I don’t think I mentioned this, but the case came with broken front bezel doors. It’s easily breakable since it sticks out by few inches. As far as I know, Sunbeam decided to ship the front panels seperately because they have had many complaints from their customers. When I got the replacement doors I found out that having to align the doors with the panel can be painful. The deal is that the hindges are very loose and the doors are not exactly “straight”. The ones I got were hard to align but after fifteen minutes or so they were closing correctly.
Another aspect is that if you have HD racks or flashy panels controlling your lights like I do, this case may not be for you – unless you don’t care for the looks and want the doors closed. To tell you the truth the case looks ok without the front doors. Also the reset button is pushed in too much and simply small. If you have fat fingers you’ll need something small to push in the button, even I had problems with resetting the machine and my fingers aren’t thick at all.
Let’s look at the installation procedure and some conclusions shall we?
Installation and Conclusion
As I mentioned before the case is very spacious inside so having to install your motherboard shouldn’t give you headaches. Sunbeam did not make the motherboard tray removable. It’s a low budget case so it’s understandable, however it still would be nice to see one. For that reason I always install my CPU outside of the case. Why?
- More space
- Less probability you will damage your CPU or a motherboard component
Above you can see audio cables going from the front panel to the I/O ports in the back of the case. If you have 80mm fans, you can easily mount them in the rear of the case or just put them inside the fan bracket which is included. One more complaint when doing 5,25″ device installation is the tool free kit. First of all, you might find that it’s hard to assamble this thing. Just give it a few tries and you should be golden.

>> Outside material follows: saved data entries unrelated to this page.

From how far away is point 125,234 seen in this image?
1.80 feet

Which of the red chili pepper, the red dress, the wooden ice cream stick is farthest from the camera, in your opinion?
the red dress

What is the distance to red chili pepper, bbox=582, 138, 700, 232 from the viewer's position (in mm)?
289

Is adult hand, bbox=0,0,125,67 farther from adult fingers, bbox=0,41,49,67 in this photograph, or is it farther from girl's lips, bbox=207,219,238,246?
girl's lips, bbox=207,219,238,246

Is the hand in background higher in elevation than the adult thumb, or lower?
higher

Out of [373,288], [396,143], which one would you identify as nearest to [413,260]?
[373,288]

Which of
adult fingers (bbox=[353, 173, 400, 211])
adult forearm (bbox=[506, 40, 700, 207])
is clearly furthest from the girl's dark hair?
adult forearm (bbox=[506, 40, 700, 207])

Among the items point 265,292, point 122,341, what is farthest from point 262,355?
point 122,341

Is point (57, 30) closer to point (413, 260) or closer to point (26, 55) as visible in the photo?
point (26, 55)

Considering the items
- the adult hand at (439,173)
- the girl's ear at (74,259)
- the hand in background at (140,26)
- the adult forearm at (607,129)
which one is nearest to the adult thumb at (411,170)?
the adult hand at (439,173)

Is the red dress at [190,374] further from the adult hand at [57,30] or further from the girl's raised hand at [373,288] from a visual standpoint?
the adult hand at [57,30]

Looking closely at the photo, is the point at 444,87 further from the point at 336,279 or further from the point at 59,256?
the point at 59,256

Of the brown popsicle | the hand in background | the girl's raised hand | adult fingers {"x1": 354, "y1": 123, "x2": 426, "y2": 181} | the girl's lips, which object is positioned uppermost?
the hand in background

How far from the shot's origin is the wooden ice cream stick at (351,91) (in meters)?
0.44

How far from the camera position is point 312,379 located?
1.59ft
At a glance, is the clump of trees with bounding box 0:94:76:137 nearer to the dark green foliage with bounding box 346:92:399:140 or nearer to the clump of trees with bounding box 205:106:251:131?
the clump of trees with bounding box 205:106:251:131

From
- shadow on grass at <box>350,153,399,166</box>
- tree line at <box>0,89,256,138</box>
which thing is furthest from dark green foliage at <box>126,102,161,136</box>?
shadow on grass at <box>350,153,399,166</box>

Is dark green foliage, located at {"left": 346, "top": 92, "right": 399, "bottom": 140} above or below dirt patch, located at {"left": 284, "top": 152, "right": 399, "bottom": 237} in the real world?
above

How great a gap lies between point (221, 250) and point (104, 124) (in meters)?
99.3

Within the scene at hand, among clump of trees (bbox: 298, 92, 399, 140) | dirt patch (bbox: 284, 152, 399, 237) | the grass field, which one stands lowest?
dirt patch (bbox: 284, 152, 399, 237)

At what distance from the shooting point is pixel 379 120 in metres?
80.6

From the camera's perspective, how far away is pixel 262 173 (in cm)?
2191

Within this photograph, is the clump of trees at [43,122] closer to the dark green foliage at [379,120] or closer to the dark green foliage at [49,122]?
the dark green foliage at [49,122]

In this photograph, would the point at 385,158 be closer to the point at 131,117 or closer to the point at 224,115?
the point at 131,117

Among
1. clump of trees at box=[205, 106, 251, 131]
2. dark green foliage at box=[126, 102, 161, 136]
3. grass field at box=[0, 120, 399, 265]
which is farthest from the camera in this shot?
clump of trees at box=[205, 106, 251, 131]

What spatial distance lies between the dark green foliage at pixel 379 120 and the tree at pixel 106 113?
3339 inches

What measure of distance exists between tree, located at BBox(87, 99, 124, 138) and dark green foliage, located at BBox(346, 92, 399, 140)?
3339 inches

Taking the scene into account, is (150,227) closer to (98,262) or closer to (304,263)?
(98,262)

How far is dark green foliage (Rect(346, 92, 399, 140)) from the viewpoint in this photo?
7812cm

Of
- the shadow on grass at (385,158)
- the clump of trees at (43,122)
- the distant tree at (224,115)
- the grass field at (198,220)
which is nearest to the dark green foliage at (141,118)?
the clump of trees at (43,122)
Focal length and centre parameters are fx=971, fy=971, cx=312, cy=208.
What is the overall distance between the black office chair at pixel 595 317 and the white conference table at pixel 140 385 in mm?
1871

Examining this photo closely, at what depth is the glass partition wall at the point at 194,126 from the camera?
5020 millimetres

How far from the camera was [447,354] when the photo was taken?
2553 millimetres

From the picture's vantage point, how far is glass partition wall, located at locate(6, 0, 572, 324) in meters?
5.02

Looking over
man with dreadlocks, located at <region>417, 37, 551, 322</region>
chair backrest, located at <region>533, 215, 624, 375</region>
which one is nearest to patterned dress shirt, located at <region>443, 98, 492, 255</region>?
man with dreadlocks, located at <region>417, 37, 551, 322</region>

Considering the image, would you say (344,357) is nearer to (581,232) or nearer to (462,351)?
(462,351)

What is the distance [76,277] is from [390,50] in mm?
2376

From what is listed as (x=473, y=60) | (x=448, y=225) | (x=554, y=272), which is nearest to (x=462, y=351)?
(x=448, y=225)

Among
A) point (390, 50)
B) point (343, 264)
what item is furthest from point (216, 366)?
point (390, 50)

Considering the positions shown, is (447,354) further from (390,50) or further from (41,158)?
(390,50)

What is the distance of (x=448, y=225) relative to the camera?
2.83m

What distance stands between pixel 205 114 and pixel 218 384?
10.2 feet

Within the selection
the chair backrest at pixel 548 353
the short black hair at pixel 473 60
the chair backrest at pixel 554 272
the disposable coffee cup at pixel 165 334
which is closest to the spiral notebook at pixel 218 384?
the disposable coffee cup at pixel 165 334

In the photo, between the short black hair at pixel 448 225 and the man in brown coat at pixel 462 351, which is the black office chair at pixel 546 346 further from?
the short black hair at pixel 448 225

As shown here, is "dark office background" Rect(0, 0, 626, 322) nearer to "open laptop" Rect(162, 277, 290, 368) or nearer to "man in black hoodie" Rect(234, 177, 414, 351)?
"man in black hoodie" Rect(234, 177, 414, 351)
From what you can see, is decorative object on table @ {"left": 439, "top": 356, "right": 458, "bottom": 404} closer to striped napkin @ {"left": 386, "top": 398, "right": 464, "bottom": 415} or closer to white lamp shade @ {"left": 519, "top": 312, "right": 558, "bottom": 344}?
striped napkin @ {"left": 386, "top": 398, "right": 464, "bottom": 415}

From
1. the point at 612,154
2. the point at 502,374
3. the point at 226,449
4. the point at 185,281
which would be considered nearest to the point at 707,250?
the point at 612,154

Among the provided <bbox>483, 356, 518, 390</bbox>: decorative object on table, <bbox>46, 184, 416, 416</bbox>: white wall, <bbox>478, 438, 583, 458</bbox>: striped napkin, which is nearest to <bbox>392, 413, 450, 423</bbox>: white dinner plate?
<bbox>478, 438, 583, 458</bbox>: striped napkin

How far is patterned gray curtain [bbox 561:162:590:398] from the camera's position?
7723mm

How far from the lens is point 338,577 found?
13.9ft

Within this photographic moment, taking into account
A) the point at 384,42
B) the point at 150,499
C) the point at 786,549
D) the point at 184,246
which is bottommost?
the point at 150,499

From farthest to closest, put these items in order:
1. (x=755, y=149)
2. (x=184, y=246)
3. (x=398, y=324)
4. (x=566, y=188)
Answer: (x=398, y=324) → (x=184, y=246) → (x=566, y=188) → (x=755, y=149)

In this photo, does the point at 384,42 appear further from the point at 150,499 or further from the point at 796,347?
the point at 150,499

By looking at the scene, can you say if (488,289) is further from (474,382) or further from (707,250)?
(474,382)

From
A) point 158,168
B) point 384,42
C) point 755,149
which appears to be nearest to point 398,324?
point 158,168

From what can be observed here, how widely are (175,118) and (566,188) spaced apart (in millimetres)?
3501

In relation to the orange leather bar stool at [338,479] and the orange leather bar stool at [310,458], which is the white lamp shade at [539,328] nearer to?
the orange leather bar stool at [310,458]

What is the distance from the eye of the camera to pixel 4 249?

Make sure you align the holes on the kit with the holes on your device, otherwise it will not hold in place.
Overall Sunbeam’s Samurai case is a well designed low-budget project. If you are looking for cheap yet fancy case you should give Samurai a try. Although power supply is not included in this unit you are free to choose any ATX power house you like; you are not stranded with some no-name PS. Sunbeam also sells power supplies so you should definitely check this out. The included window fan is a nice addition to this whole package. It has four LEDs which give a nice blue-ish glow to the fan. On the bad side, the acrylic window shows off too much of the inside; bay housing to be exact. The window could have been cut a little shorter, but I guess they wanted to keep the design as is. Thumb screws and tool free kits are most welcomed here, too bad no removable mobo tray. Another minus is the inside is made out of steel, aluminum would be more appreciated considering this case is quite heavy. For around $50 bucks this case is a good bargain.
+ Tool free kits
+ Side window
+ 80 mm LED fan
+ Five 5,25″ drive bays
- Steel chassis
– No front panel audio-to-motherboard cables
- No removable motherboard tray
With overall good design and performance, Sunbeam Samurai gets the rating of 7,5 (Good).